Berikut 17 alasan mengapa aku tidak mau menyerahkan anak-anakku kepada lembaga pendidikan bernama sekolah formal:

1. Orang tua membayar guru untuk melakukan satu hal saja yaitu: menolong anak-anak belajar. Tetapi jika anak-anak tidak belajar, guru tidak mungkin mencoba cara-cara baru sampai ada satu cara yang berhasil membuat mereka semua paham. Guru akan terus melanjutkan pelajaran untuk mengejar target kurikulum dengan meninggalkan anak-anak  yang tetap tidak paham. Kegagalan sebenarnya ada pada sistem: satu orang dewasa mengajar banyak anak, tetapi kesalahan dilimpahkan pada anak-anak. Anak-anak ditempeli cap bodoh, pemalas, diberi ranking terendah, bahkan belakangan ada cerita tentang guru yang berani memberi label ADHD kepada anak-anak didiknya.

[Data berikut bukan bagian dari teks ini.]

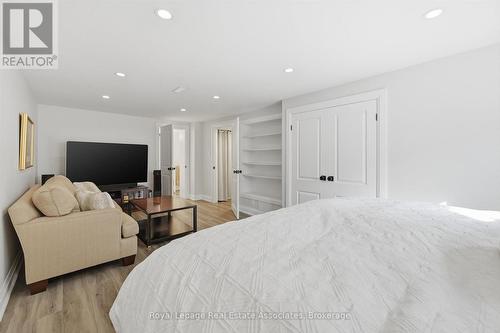 489 Timber Lane, Burlington, ON - Indoor Photo Showing Bedroom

2. Kalau anak-anak menjadi pintar, sekolah yang berbangga diri dan dipuja-puja. Kalau anak-anak nilainya buruk, yang salah anak itu sendiri bahkan orang tuanya dinilai tidak becus membimbing anak belajar atau menjatuhkan tuduhan tentang kondisi keluarga yang tidak harmonis. Anak yang menyulitkan sekolah akan ditendang keluar. Sekolah tidak akan pernah mau bertanggung jawab atau pun mengakui bahwa telah gagal mendidik anak.
3. Anak-anak yang paling membutuhkan bimbingan malah dihukum dengan nilai buruk, disetrap, ranking rendah, dan dihancurkan kepercayaan dirinya. Tidak manusiawi.
4. Sekolah boleh-boleh saja menjalankan hukuman keras, kekerasan fisik, atau pun tekanan mental kepada anak-anak didiknya atas pelanggaran minor, dan anak-anak tidak diberi kesempatan diadili secara proporsional. Orang tua lebih sering tidak diberi tahu sekolah soal insiden yang melibatkan anaknya.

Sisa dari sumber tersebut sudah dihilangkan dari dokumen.